= Beginning of Section =

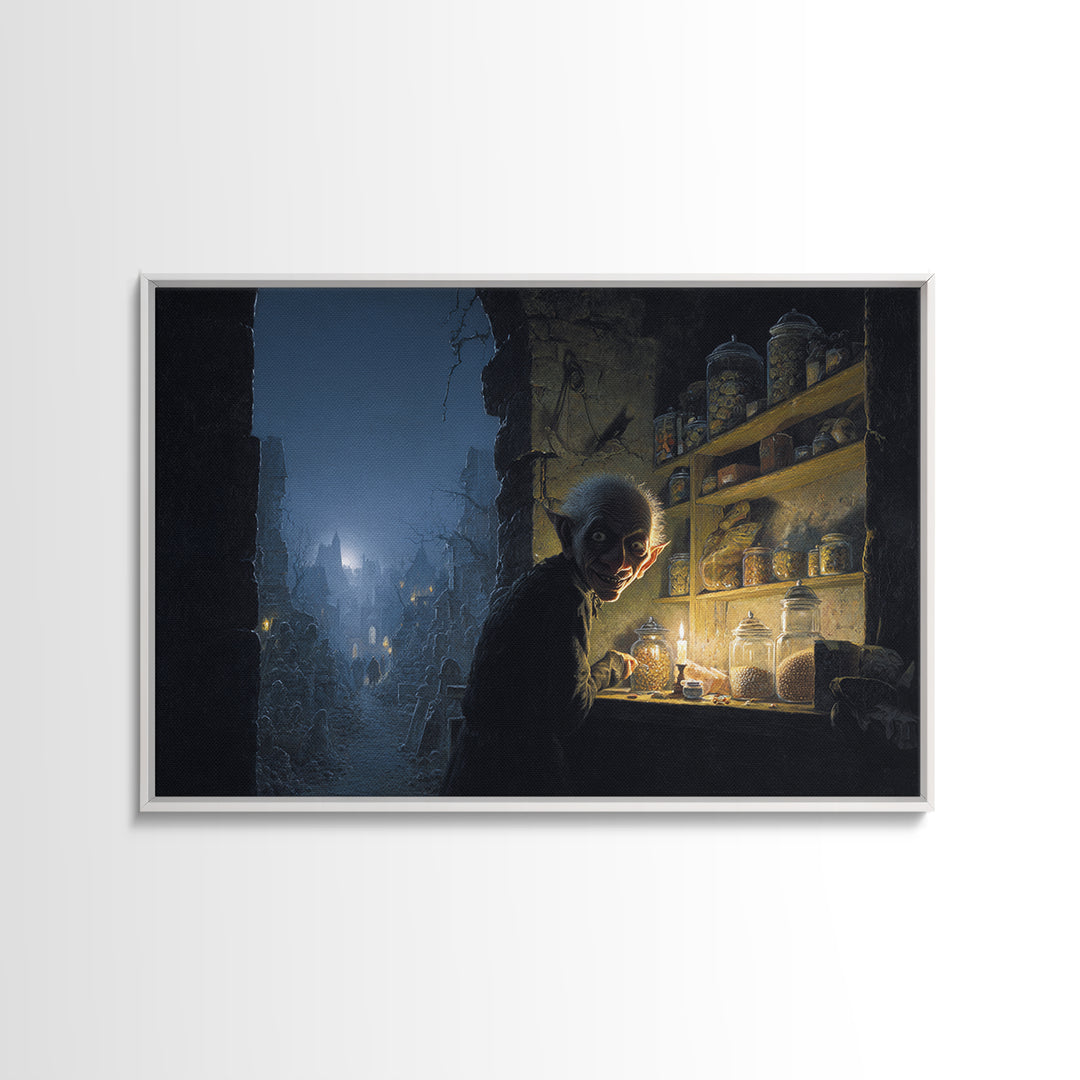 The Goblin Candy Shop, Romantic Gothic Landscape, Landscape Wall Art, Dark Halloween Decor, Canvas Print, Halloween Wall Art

= End of Section =
= Beginning of Section =

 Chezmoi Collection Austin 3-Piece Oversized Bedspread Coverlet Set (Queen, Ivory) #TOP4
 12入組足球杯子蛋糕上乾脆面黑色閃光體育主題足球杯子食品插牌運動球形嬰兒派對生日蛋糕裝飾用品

= End of Section =

## Work task:
What is asked for is an exact copy of the lines above from the one containing "Chezmoi Collection Austin" through the one containing "12入組足球杯子蛋糕上乾脆面", and only those.

## Your response:
 Chezmoi Collection Austin 3-Piece Oversized Bedspread Coverlet Set (Queen, Ivory) #TOP4
 12入組足球杯子蛋糕上乾脆面黑色閃光體育主題足球杯子食品插牌運動球形嬰兒派對生日蛋糕裝飾用品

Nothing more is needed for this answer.